#### DATA FOR ANALYSIS
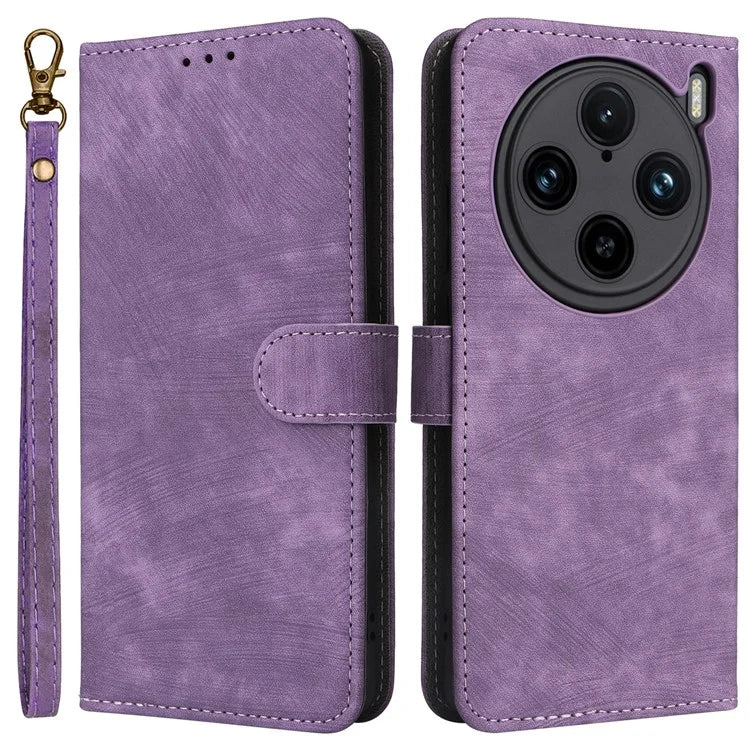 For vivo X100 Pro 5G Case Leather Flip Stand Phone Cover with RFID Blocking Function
--
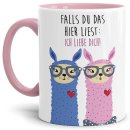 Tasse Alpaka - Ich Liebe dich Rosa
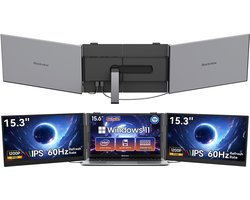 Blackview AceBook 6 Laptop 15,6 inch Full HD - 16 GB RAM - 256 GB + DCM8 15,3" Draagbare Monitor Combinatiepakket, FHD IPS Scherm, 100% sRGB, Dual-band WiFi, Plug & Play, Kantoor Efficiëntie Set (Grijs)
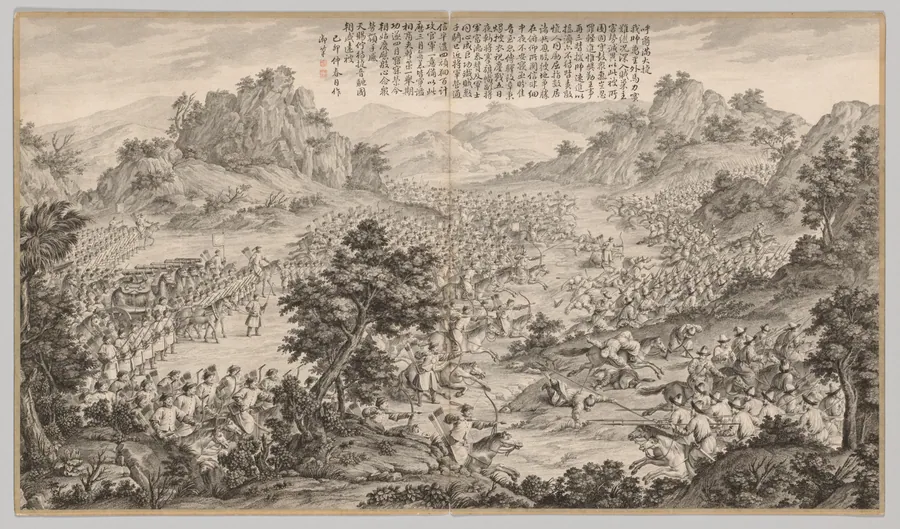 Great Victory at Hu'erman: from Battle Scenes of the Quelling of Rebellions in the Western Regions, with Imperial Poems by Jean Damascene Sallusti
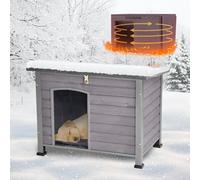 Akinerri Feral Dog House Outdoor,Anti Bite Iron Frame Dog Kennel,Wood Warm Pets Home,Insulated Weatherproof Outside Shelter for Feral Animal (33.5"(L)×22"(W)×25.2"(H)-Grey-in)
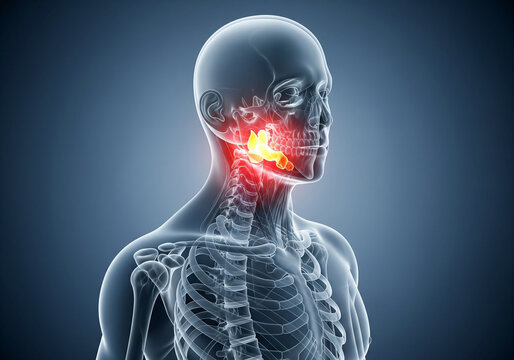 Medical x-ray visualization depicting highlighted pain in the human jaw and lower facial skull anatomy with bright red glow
---
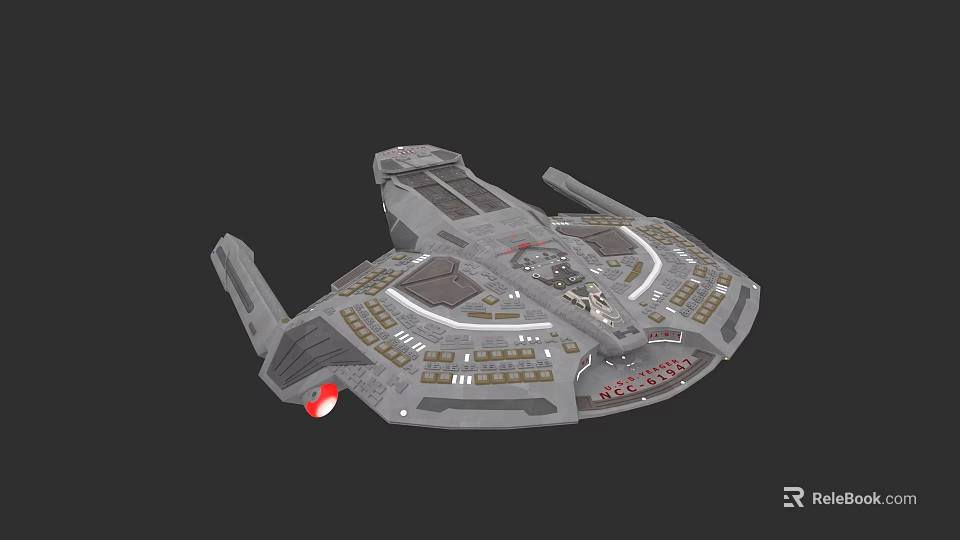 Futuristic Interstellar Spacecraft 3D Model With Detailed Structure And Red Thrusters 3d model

#### EXERCISE GOAL
All that should appear in the answer is the lines above from the line with "Blackview AceBook 6" through the line with "Great Victory at", retyped exactly, pictures left out.

#### SOLUTION TO THIS EXERCISE
 Blackview AceBook 6 Laptop 15,6 inch Full HD - 16 GB RAM - 256 GB + DCM8 15,3" Draagbare Monitor Combinatiepakket, FHD IPS Scherm, 100% sRGB, Dual-band WiFi, Plug & Play, Kantoor Efficiëntie Set (Grijs)
 Great Victory at Hu'erman: from Battle Scenes of the Quelling of Rebellions in the Western Regions, with Imperial Poems by Jean Damascene Sallusti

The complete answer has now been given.